In this post, we will cover the ins and outs of planning your perfect tropical getaway to the beautiful state of Hawaii, from finding a great deal on airfare to the islands most beautiful beaches. Careful planning can make your Hawaii vacation a trip you remember.

Woman wearing a hat seated on a beach. Looking at people swimming in the water. Sailboat in the background.
Surfing was born in Hawaii and is deeply intertwined with its history and culture.

1. Decide when to go

Choosing when to go to Hawaii depends on your preferences.

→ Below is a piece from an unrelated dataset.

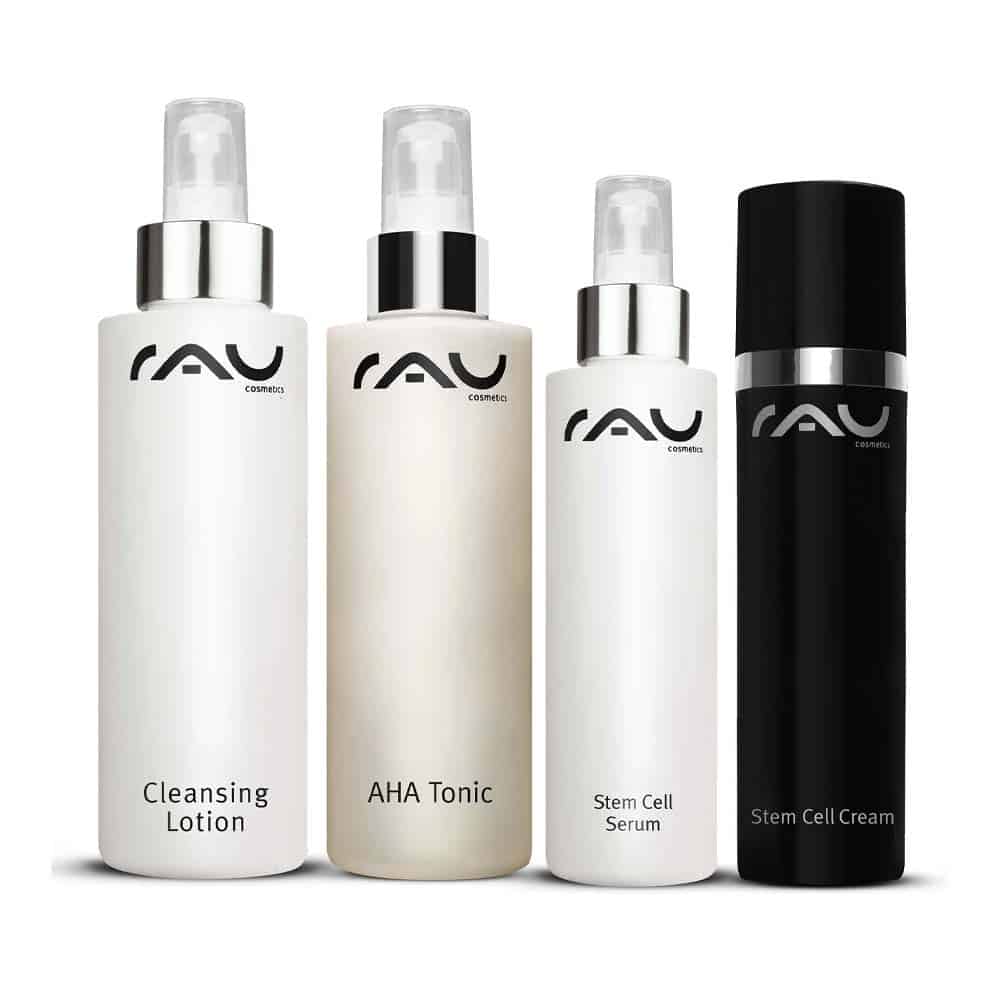 Rau Cosmetics Advanced Routine für reife Haut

  • For the best weather, travel in the shoulder seasons, April/May and September/October.
  • If you’re looking for surfing weather, it is best from November until March.
  • If you want to experience Hawaii at its warmest, busiest time, visit May through October.
  • If you hate crowds, the quietest month for tourists is November.
  • Hurricane season lasts from June to November, but don’t worry too much. They rarely get severe storms.

Every Hawaii packing list needs to include both rain gear and a coat. Hawaiian rainfalls are usually just a light drizzle, but even that depends on which island you’re visiting. For example, the island of Kona only gets about five to eight inches of rain a year, while the Isle of Hilo gets about 180 inches.

Hawaii’s temperatures can drop to lows of 60° F (15° C) during the winter months and reach highs of 90° F  (32° C) in the summer months. If you visit Mauna Kea on the island of Hawaii or the Haleakala Crater on the isle of Maui, you should bring a coat. Temperatures can drop down to lows of 25° (-4° C) daily.

Sandy walkway on a palm beach in Hawaii

2. Choose your island(s)

If you ask someone which Hawaiian island is the best to visit, you’ll probably get a different answer every time. Hawaii has eight main islands, and a visitor can choose from six of them, so you have a wide variety of options.

One of the most interesting things about Hawaii is that all the Hawaiian islands are different. It’s not just an issue of deciding between Maui vs. the Big Island. While those might be good choices for a first-time visitor, each has its own personality and culture for you to explore.

For this reason, your first goal is to do some research on what the various islands have to offer. You’ll obviously want to tailor your Hawaii trip according to your interests.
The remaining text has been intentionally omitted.